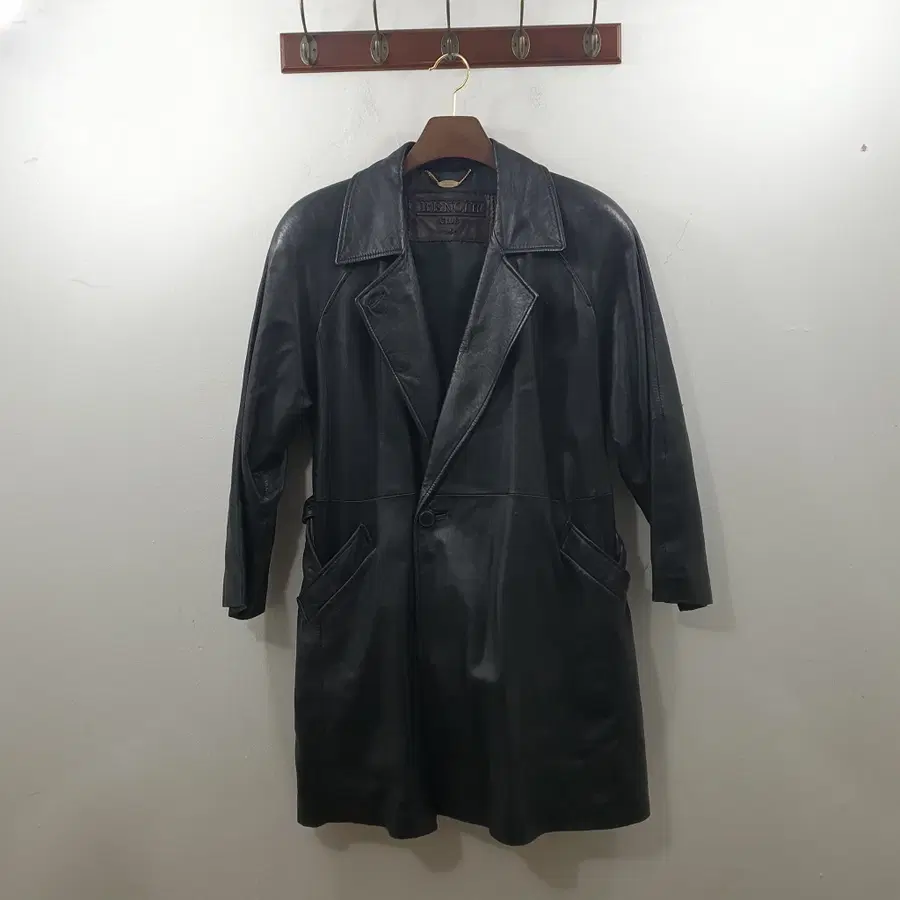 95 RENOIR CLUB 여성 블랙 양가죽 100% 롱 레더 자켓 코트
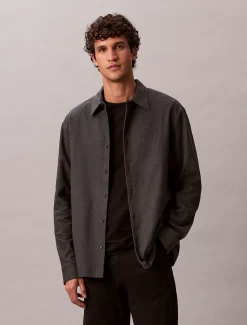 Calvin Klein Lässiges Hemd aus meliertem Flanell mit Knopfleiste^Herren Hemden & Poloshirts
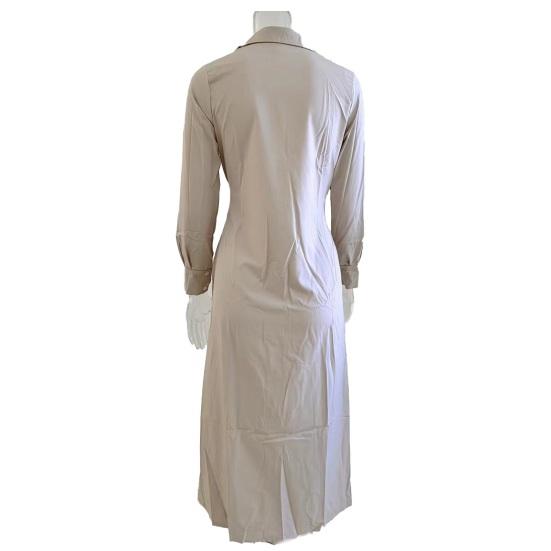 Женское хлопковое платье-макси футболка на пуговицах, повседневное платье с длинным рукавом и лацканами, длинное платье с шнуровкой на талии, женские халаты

### GOAL OF THE EXERCISE
Line by line, give the material above again exactly, but without any pictures.

### ANSWER BOX
 95 RENOIR CLUB 여성 블랙 양가죽 100% 롱 레더 자켓 코트
 Calvin Klein Lässiges Hemd aus meliertem Flanell mit Knopfleiste^Herren Hemden & Poloshirts
 Женское хлопковое платье-макси футболка на пуговицах, повседневное платье с длинным рукавом и лацканами, длинное платье с шнуровкой на талии, женские халаты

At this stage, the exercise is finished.